● **Task objective**
Your answer should be the lines below from the one holding "Masažni naslonjač od" through the one holding "Estante con dos", copied exactly and with nothing else.
Data under study START
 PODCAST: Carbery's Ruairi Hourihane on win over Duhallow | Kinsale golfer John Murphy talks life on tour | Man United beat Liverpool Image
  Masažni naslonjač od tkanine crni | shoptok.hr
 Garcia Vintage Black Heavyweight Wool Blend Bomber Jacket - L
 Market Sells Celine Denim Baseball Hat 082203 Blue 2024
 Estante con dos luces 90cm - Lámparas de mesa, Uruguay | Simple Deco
Data under study END
Data under study START
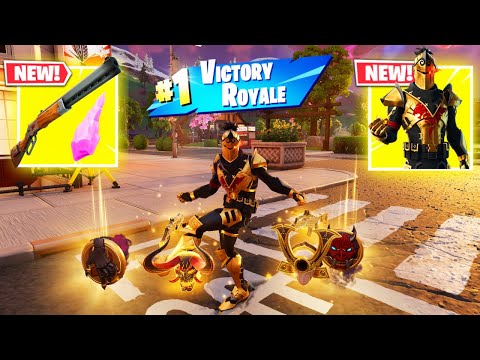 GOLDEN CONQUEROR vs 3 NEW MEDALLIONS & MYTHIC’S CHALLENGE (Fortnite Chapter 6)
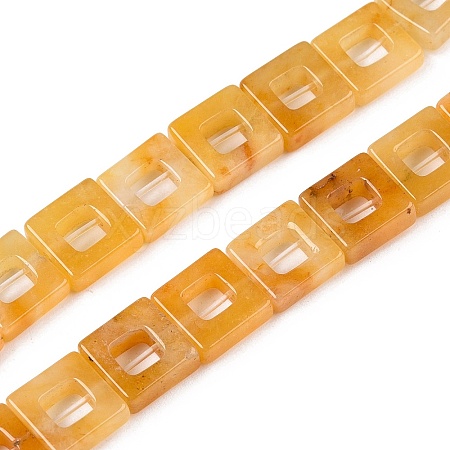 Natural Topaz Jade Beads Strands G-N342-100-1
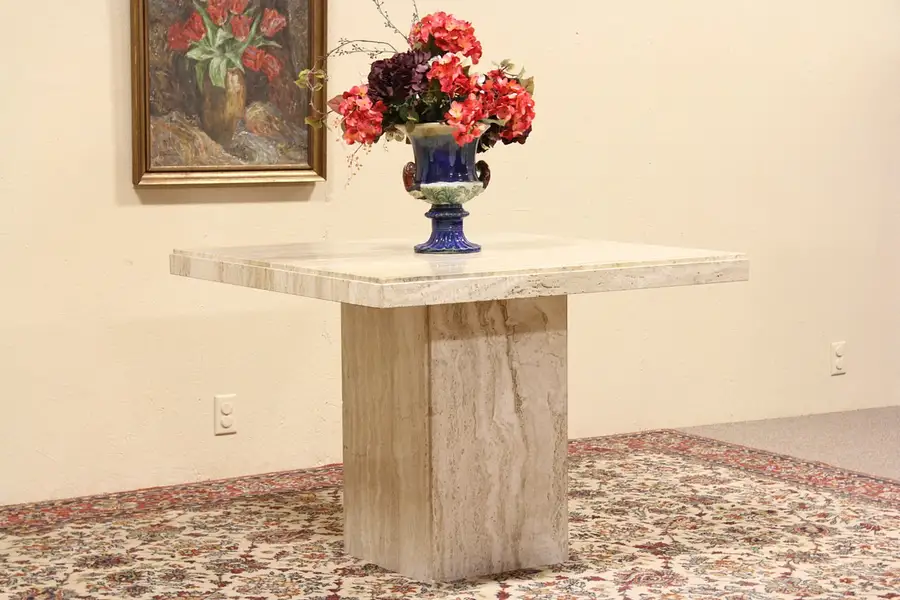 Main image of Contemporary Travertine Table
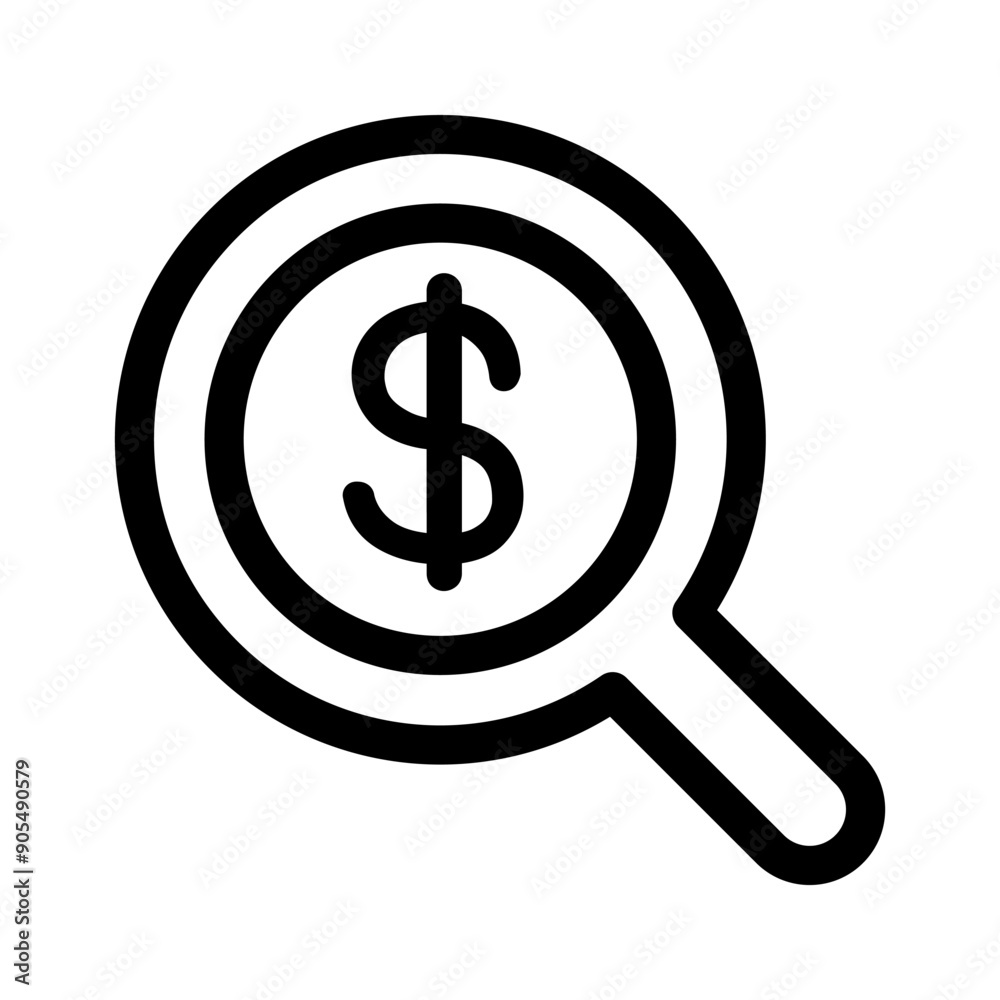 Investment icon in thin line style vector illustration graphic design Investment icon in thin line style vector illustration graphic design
Data under study END
Data under study START
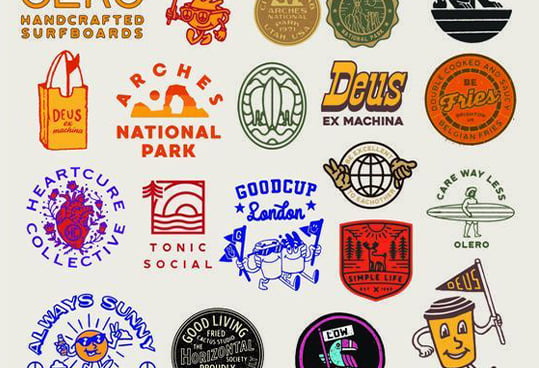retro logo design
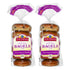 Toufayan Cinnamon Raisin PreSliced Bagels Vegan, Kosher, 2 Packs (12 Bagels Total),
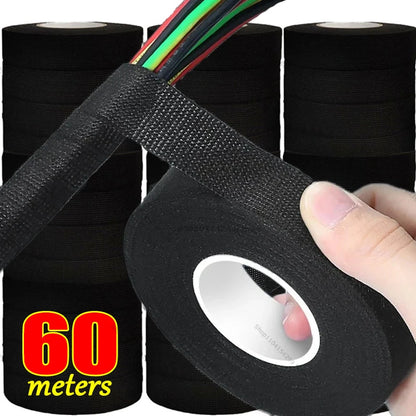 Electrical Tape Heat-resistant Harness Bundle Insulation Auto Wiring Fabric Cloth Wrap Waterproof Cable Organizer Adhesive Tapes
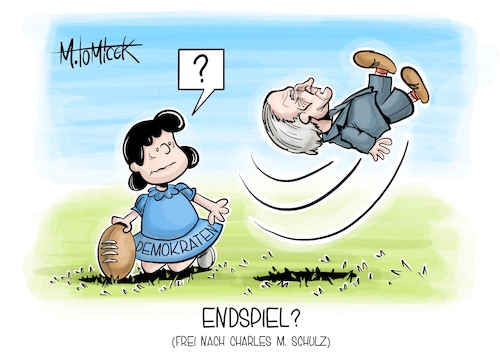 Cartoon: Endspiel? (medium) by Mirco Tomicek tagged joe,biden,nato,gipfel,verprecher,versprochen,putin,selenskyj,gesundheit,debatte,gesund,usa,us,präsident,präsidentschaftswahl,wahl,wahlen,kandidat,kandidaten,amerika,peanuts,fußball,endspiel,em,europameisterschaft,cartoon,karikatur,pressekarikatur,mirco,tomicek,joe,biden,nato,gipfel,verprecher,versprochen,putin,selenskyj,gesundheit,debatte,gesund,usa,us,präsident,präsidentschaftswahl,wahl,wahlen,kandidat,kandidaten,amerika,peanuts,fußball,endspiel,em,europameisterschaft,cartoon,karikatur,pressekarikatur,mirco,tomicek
Data under study END
● **Task result**
  Masažni naslonjač od tkanine crni | shoptok.hr
 Garcia Vintage Black Heavyweight Wool Blend Bomber Jacket - L
 Market Sells Celine Denim Baseball Hat 082203 Blue 2024
 Estante con dos luces 90cm - Lámparas de mesa, Uruguay | Simple Deco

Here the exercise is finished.